Sesungguhnya aku sangat terkejut melihat orang yang meninggalkan nikah setelah mendengar ayat tadi. 

Apabila seorang laki-laki meninggalkan nikah hanya karena takut miskin, maka sesungguhnya Allah SWT akan menjadikan pernikahan sebagai satu jalan kemudahan seandainya diiringi dengan niat yang tulus dan ikhlas. 

Qatadah r.a berkata: Umar bin Khattab r.a. telah berkata, Saya tidak melihat seorang laki-laki yang meminta harta kekayaan di saat nikah kecuali diingat sebagaimana janji Allah SWT dalam firman-Nya: 

“Dan kawinkanlah orang - orang yang sendirian di antara kamu, dan orang-orang yang layak (berkawin) dan hamba-hamba sahayamu yang lelaki dan hamba-hamba sahayamu yang perempuan. Jika mereka miskin Allah akan memampukan mereka dengan karunia- Nya." (Q S. An Nuur: 32) 

Dalam satu lafadz: 

Carilah keutamaan dari Allah SWT dalam nikah. Hadits Nabi SAW menyebutkan: "Ada tiga hak atas Allah SWT dimana Dia akan menolong mereka: Orang yang berjuang di jalan Allah, Makatib yang mau bertanggung jawab dan orang yang menikah hanya ingin 'iffah." (H.R. Tirmidzi dan An- Nasai) Allah SWT telah berfirman:

"Barangsiapa yang bertakwa kepada Allah niscaya Dia akan mengadakan baginya jalan keluar." (Q.S.Ath Thalaaq:2) 

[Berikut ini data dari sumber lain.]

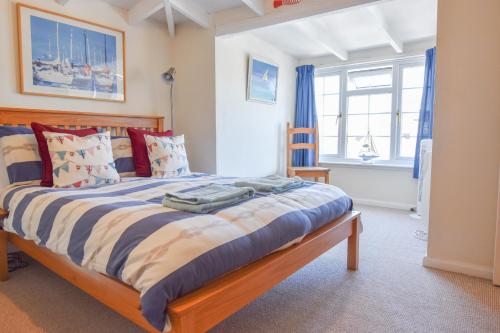 a bedroom with a large bed with blue curtains at Harbour Life in Yarmouth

Kendatipun demikian, bagi setiap laki-laki hendaknya berusaha dan tidak boleh bermalasan. Jika ada seseorang yang meninggalkan nikah dengan alasan zuhud di dunia, maka orang yang berpandangan seperti itu telah jauh dari kebenaran. Zuhud yang sebenarnya adalah dengan mengikuti perintah Rasulullah SAW. Dan tiada seorangpun yang melebihi tingkat kezuhudan Rasulullah. 

Allah SWT berfirman:

“Dan carilah apa yang telah dianugerahkan Allah kepadamu (kebahagiaan) negeri akhirat, dan janganlah kamu melupakan bahagianmu dari (kenikmatan) duniawi." (Q.S.A1 Qashash:77) 

Sesungguhnya bagian yang terpenting di dunia ini adalah nikah. Hadits Nabi SAW telah menyinggung: “Dunia adalah sebuah kenikmatan dan sebaik-baiknya kenikmatan dunia adalah isteri yang shalehah." (H.R. Muslim dari hadits Amru bin Ash) 

Diriwayatkan dari Sa'id bin Hisyam, beliau menemui Aisyah r.a. seraya berkata kepadanya, "Saya ingin bertanya tentang tabattul. Bagaimana pendapatmu mengenai hal ini? Aisyah r.a. menjawab, Jangan kamu lakukan hal itu, aku telah mendengar firman Allah SWT: 

 "Dan sesungguhnya Kami telah mengutus beberapa Rasul sebelum kamu dan Kami memberikan kepada mereka isteri-isteri dan keturunan." (Q.S.Ar Ra'd:38) 

Maka janganlah kamu bertabattul sementara ayat di atas sangatlah jelas. (H.R. An Nasai', Tirmidzi dan Ibnu Majah) Rasulullah SAW bersabda: "Sebaik-baiknya umat ini adalah yang paling banyak wanitanya." (H.R. Bukhari dari Ibnu Abbas) 

Rasulullah SAW bersabda: "Cintailah tiga kelompok orang dalam duniamu." Di antaranya beliau menyebutkan wanita. Diriwayatkan dari Umar r.a, beliau berkata: "Bukan sebuah kefoyaan jika mencintai wanita bahkan bukanlah sebuah ibadah ataupun zuhud apabila meninggalkan nikah." 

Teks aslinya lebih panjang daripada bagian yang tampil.